The Durango City Council unanimously approved another water and sewer rate increase at its regularly scheduled meeting Tuesday, a continuance of decades of rate hikes that have exacerbated the cost of living in the city.
Water and sewer rates will rise 3 percent in base and usage fees in 2019, an increase the city has justified as necessary to maintain a fiscal position resilient to future economic fluctuation, maintain and invest in city infrastructure and improve city facilities to meet the needs of a growing community, according to materials prepared by city staff.
“It’s understandable that you have to raise the rates to keep the mechanisms working,” Mayor Sweetie Marbury said.
Both sewer and water rate increases were approved, in part, to account for inflation.
While it is difficult to say how much the city has increased its water rates in the past two decades – because the fee structure has changed in the interim – it is clear from city ordinances dating back to 1997 that the city has been charging more for those services at a rate that outpaced inflation.
From 1997 to 2013, the cost of the first 2,000 gallons of water used by single-family homeowners increased from $5.82 to $13.08, an increase of more than 124 percent, city ordinances show. And the rate for every 1,000 gallons over the base fee rose from $1.24 to $2.23 between 1997 and 2013, an increase of almost 80 percent.
Both of those rates are significantly higher than the 45 percent rate of inflation that occurred during the same time period, according to the Bureau of Labor Statistics. If water rates would have kept pace with inflation, residents would have been paying $8.44 by 2013 for the first 2,000 gallons of water – $4.64 less than what was being collected.
“I do recognize that it is a difficult time, and I do recognize that we have had a lot of rate increases,” said Mayor Pro-Tem Melissa Youssef. “Our utility bills are expensive.”
Then, in 2014, the city conducted a water-rate study that found charging a base fee based on the size of a water meter would be necessary to ensure revenue stability. That’s when the city proposed renovating the Santa Rita Water Reclamation Facility, a more than $50 million project funded through a bond that is being repaid with water and sewer fees.
“Having a base-fixed charge assessed to all customers each month will help to ensure that the city will have the revenues needed in order to meet its annual debt service obligations and will provide additional assurance to bond holders that their loans will be repaid,” the 2014 report states.

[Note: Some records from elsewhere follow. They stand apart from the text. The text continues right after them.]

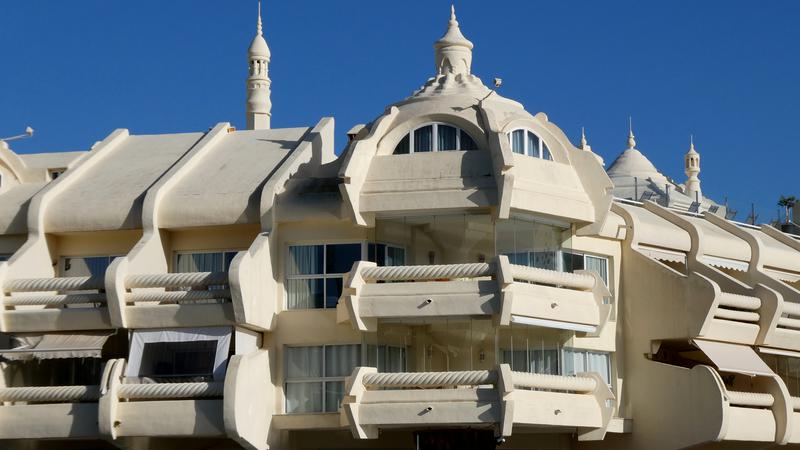 Parue dans : Benalmadena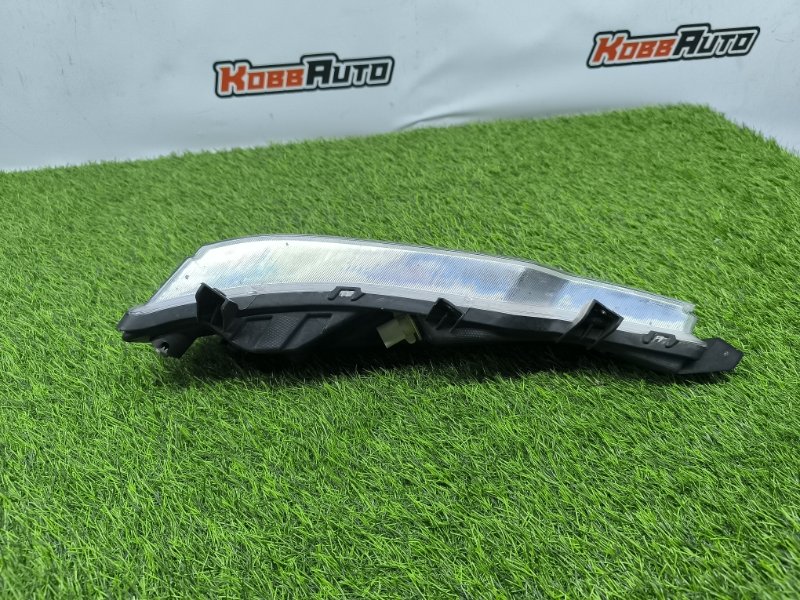 ПТФ передний правый Rexton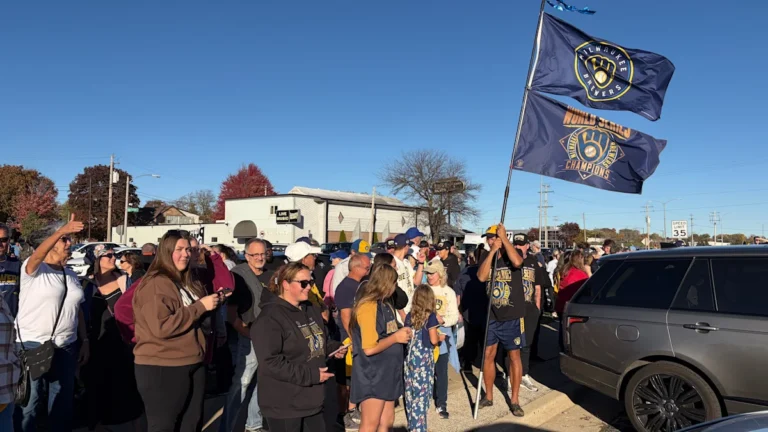 Hundreds of Fans Welcome Brewers Back to Milwaukee After World Series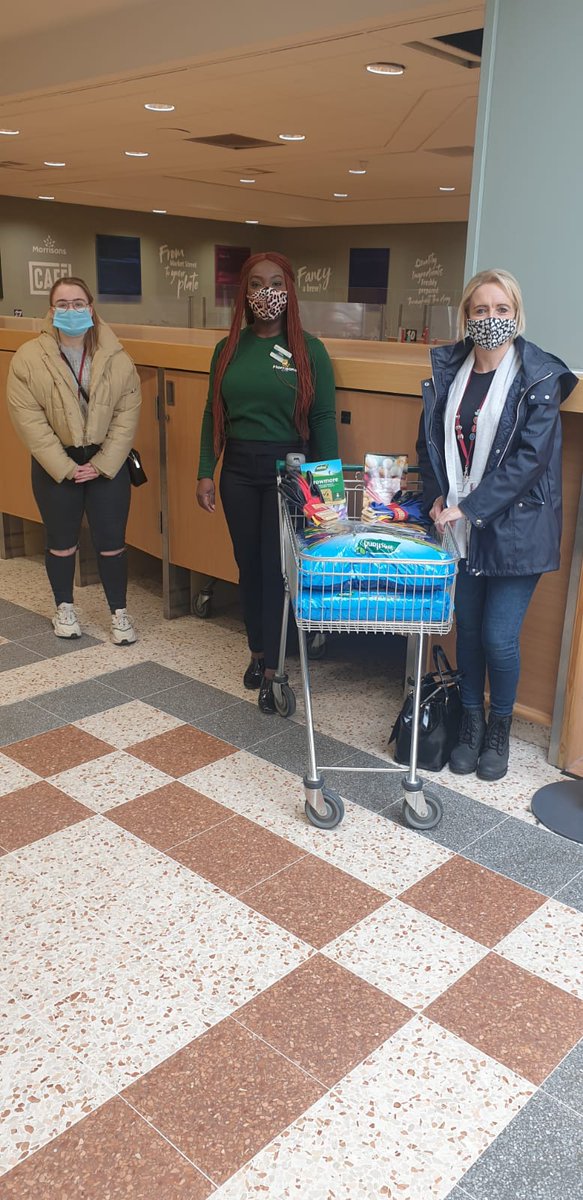 Paige and Lisa from the Mental health network collecting donations kindly gifted from Melina @morrisonscheadleheathcommunitychampion for the allotment! Let's get growing 🍓🍅🥕 #onestockport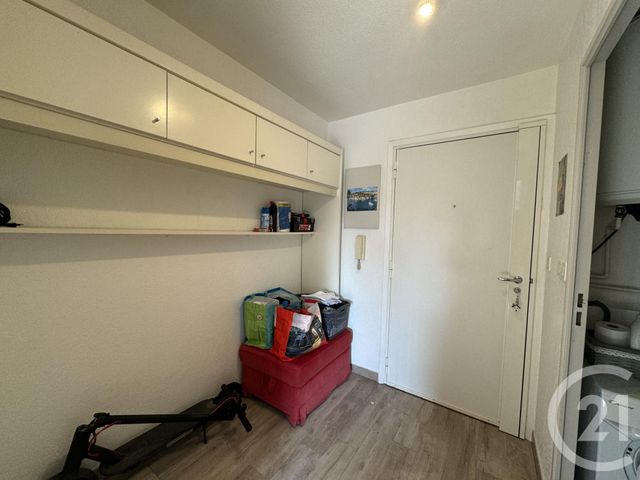 Appartement Studio &agrave; louer - 1 pi&egrave;ce - 24,51 m2 - Six Fours Les Plages - 83 - PROVENCE-ALPES-COTE-D-AZUR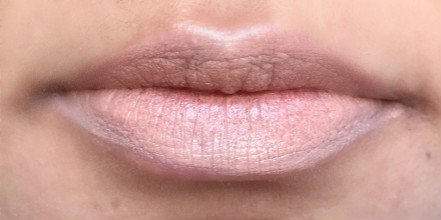 revlon-colorburst-matte-balm-complex-swatch-on-lips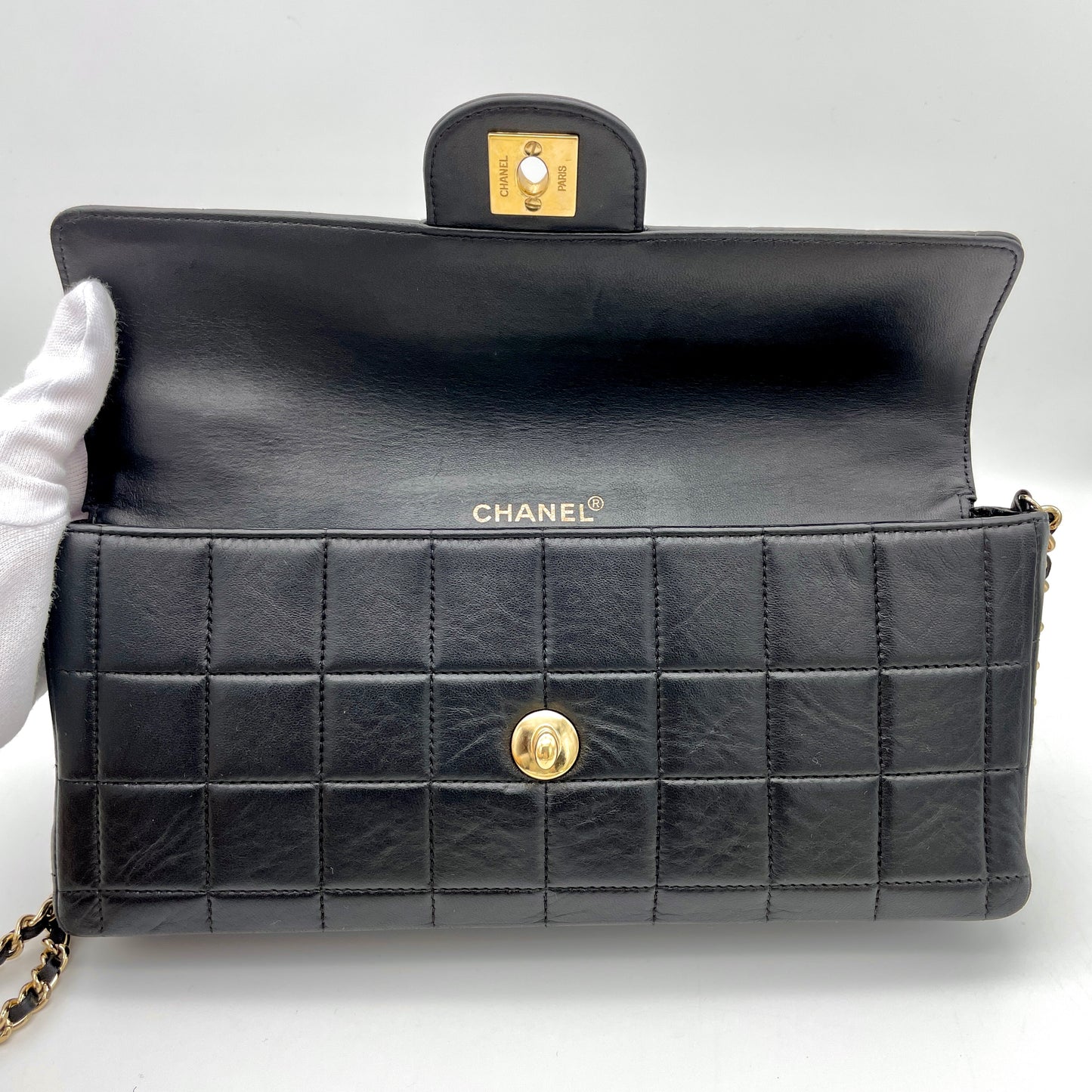 AUTH Pre-owned CHANEL Chocolate Bar Turnlock Chain Shoulder Bag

That base charge, in 2014, for a residential water meter was $12.46. In 2019, the base rate for the majority of rate-payers will increase to $16.23, an increase of more than 30 percent in half a decade. By comparison, inflation increased only 8 percent during those five years. That means in the past four years, water and sewer rates have risen at almost four times the pace of inflation.
John Simpson, a resident who has been critical of city spending, said Tuesday there wasn’t enough justification for raising sewer and water rates. Simpson was also critical of the city’s tax question in November that would have raised an additional 5.4 mill levy on properties and a 0.55 percent increase to sales tax. That measure failed by more than 20 percent.
“Proceeding with staff recommendation (to approve a rate increase) will only go to further the sentiment in the community that you just don’t get it,” Simpson said of City Council.
Much of the extra money raised through rate increases will help pay for the Santa Rita Water Reclamation Facility; the rest has been used for infrastructure repair that had long been deferred under the previous rate structure, said Jarrod Biggs, assistant utilities director. It will also be used to pay for a second water treatment plant, a project that’s in the beginning stages of planning, he said
“Moving forward, we are making sure we are becoming more proactive with our asset management,” Biggs said.